The Villainess opens with a bang: director Jung Byung-gil paying elaborate, blood-splattered homage to the infamous Oldboy fight scene, with a new visual twist. Here, the monomaniacal vigilante hacking their way through a one-shot hall is Kim Ok-bin’s titular assassin, a badass dame with a grudge. And, instead of going down the hallway in cutaway, taking on incoming bad-guys like in a side-scrolling video-game, here we see the frenetic, disorienting action from her perspective. It’s an audacious, delirious, ridiculous beginning: a stitched-together single-take that plays like an instant action-movie classic; one-upping the past visions of Park Chan-wook —or, even, Bong Joon-ho in Snowpiercer— with a thrown gauntlet.

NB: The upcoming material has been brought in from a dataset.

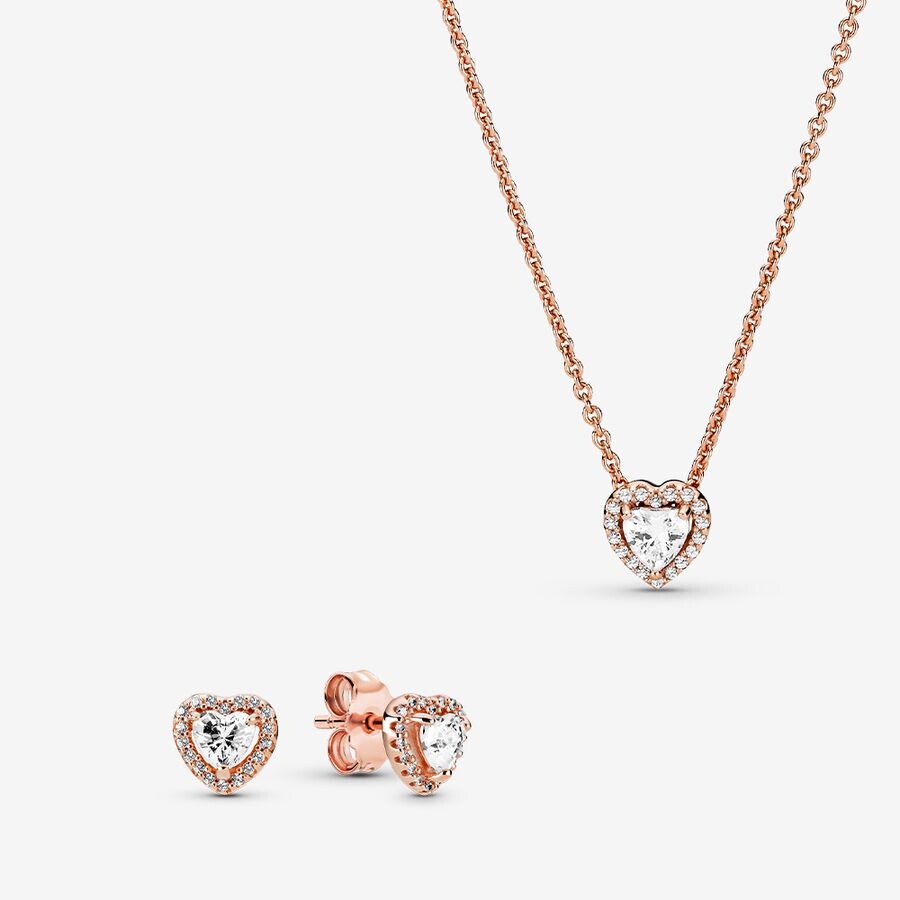 

Ювелирный комплект Pandora Elevated Heart Necklace & Earrings, розовое золото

This beginning isn’t the only evocation of Park’s Vengeance Trilogy in The Villainess, nor even the film’s most explicit act of homage, given how liberally Jung cribs from Kill Bill, borrowing from Quentin Tarantino, the greatest borrower in cinema history. But Jung’s open evocations of evidently-formative early-’00s action-movie moves don’t come with a sense of bookish learning, or playful postmodernism. The reference is neither nerdy nor meta. Instead, Jung uses them as a springboard, verily leaping into a host of other gymnastically-limber, borderline-demented, breathlessly-edited action sequences: Kim not just taking on a procession of goons, but leaping off rooftops and onto the back of buses, riding motorcycles and swinging blades as the GoPros are hurled into and out of the fray.
The story is a riff on La Femme Nikita and Kill Bill, with lengthy, chronologically-shuffled flashbacks filling in who Kim is, why she’s out for revenge, and how she came to be a murderous machine. After an off-the-grid, ragamuffin-orphan childhood of being taught killing skills by various crims —all equal parts father-figure and sexual predator— Kim becomes the star pupil in a clandestine school for trained assassins; which comes populated with varied rivals/friends out of the high-school-in-movies rulebook.

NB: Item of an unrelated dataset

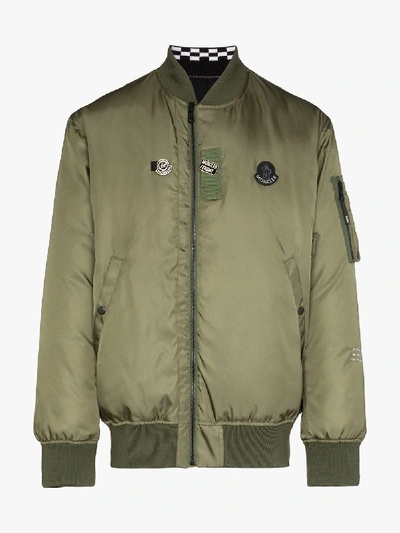 7 Moncler Fragment Reversible Printed Shell Down Bomber Jacket In Green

Eventually, she ‘graduates’ to a life in the real world, posing as an actress; leading to many evocations of the world being a stage, everyone acting, and playing parts. She eventually shacks up with Sung-joon, a hidden killing-school overseer who falls for her after watching her via hidden cameras; which speaks to the film’s other great theme, of layers of surveillance, and who’s-watching-the-watchers. Most of the great revelations come via recording devices, and, when Kim has been driven to the brink, near climax, she symbolically shoots up a bank of CCTV monitors.

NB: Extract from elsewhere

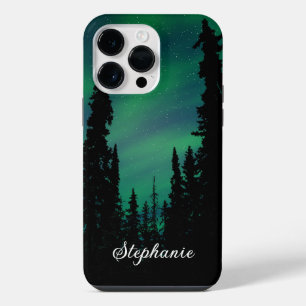 Personalized Green Northern Lights Forest iPhone 14 Pro Max Case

Of course, none of the writing comes anywhere close to measuring up to the action. And, indeed, when Jung and co-writer Jung Byeong-sik go earnestly searching for emotional resonance —cue the tender acoustic-guitar pluckings!— many viewers will wonder why a film that started so bonkers has grown so sentimental. Whilst the overwrought psychodrama and grandstanding emotion can sometimes tip into being amusing, mostly the suddenly-slowed second-act just gives you time to wonder just how many of the cast have had extensive plastic-surgery. Gladly, the ridiculous, blood-spraying, camera-hurtling, eye-rattling action eventually returns, building to a wild ending that’s filled not with homage to Oldboy, but —in a neat bit of narrative flat-circling— to The Villainess’s own beginning.